Back in 2018, my colleague Inu Manak and I wrote about efforts to protect dairy producers from their non‐dairy competitors by keeping the word “milk” off the competitors’ products. The goal is to make it more difficult for soy/almond/oat/etc. milk products to compete with cow milk products, by requiring that non‐dairy producers call their products “drink” or “beverage” instead of “milk.” Some dairy industry folks in Virginia recently tried this via so‐called “dairy purity” legislation that would define milk as:
the lacteal secretion, practically free of colostrum, obtained by the complete milking of a healthy hooved mammal, including any member of the order Cetartiodactyla, including a member of the family (i) Bovidae, including cattle, water buffalo, sheep, goats, and yaks; (ii) Cervidae, including deer, reindeer, and moose; and (iii) Equidae, including horses and donkeys.
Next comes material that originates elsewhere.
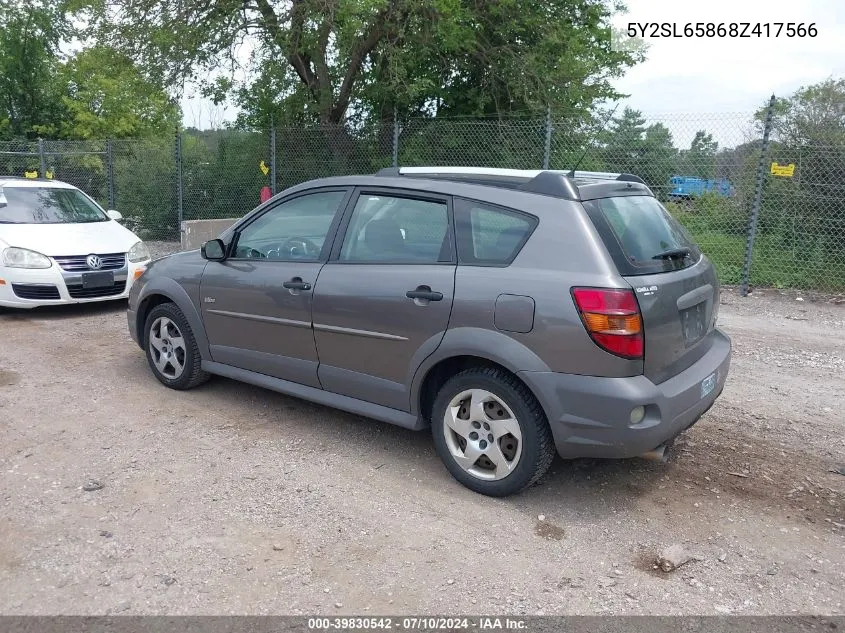 2008 Pontiac Vibe VIN: 5Y2SL65868Z417566 Lot: 39830542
Thus, if you can get your hands on some moose milk, you can call it milk. But soy/almond/oat/etc. milk producers would have to find another term.
Of course, as Inu and I noted, there are actual definitions of milk already, which are much broader, and include the following: “Any of various potable liquids resembling milk, such as coconut milk or soymilk.” But the dairy industry wanted to redefine the word in a way that gives it a commercial advantage:
“This was a bill that was brought to us by the dairy industry. We have been losing cattle farms at a very rapid rate in Virginia. You can argue the merits of the competition of what constitutes milk, and whether people drink milk the way we used to when we were kids, but the bottom line is they are trying to preserve their unique brand,” said Sen. Chap Petersen of Fairfax City.
They came close to succeeding, but fortunately, they were defeated at the last minute with an executive veto. Here’s how it played out.
The Daily News‐Record described the origins of the legislation as follows:
For decades, dairy farmers have been fighting over what is and isn’t milk as plant‐based beverages have been using the name “milk” in their labeling. In grocery stores the different products can be found on the same shelf, making it difficult to separate what comes from an animal and what comes from plants, critics say.
In an effort to change that, Del. Barry Knight, R‐Chesapeake, filed House Bill 119 that would define milk as the “lacteal secretion, practically free of colostrums, obtained by the complete milking of a healthy hooved mammal.”
Any beverage being labeled as milk that fails to meet the proposed definition would be prohibited.
Showing their support to the agricultural community, Del. Chris Runion, R‐Bridgewater, became a chief co‐patron to the legislation and Del. Tony Wilt, R‐Broadway, also became a sponsor.
Runion said in a previous interview with the Daily News‐Record that he added his name to the bill because of whom he represents in the Valley.
Early on, it seemed that the industry might succeed. The bill passed the Virginia House by 66 to 32 and it passed the Senate by 24 to 16.
Pursuant to Article V, Section 6, of the Constitution of Virginia, I veto House Bill 119, which defines “milk” as the lacteal secretion of a healthy hooved mammal and provides that a food product would be unlawfully misbranded if it fails to meet that definition.
Eliminating the ability to label certain food products with the term “milk” could hinder some businesses’ ability to thrive in Virginia. This bill likely conflicts with both the United States Constitution and the Constitution of Virginia and each’s protection of commercial speech.
Accordingly, I veto this bill.
Yes, the statute would have hurt businesses, and it would have conflicted with speech protections. In addition, it would have misled consumers who are familiar with almond milk and other types of milk and expect to see them labeled as such.
There was some talk of a legislative override of the veto, but this attempt ultimately failed. So for now, Virginia is a safe space for all the milks. Nonetheless, the battle over milk definitions is likely to continue.
(It’s worth noting that the legislation would not have gone into effect until 11 of 14 other states in the Southern region also passed similar legislation six months before, after, or on Oct. 1, 2029. But other states have passed similar legislation, so each step in that direction is a bad one).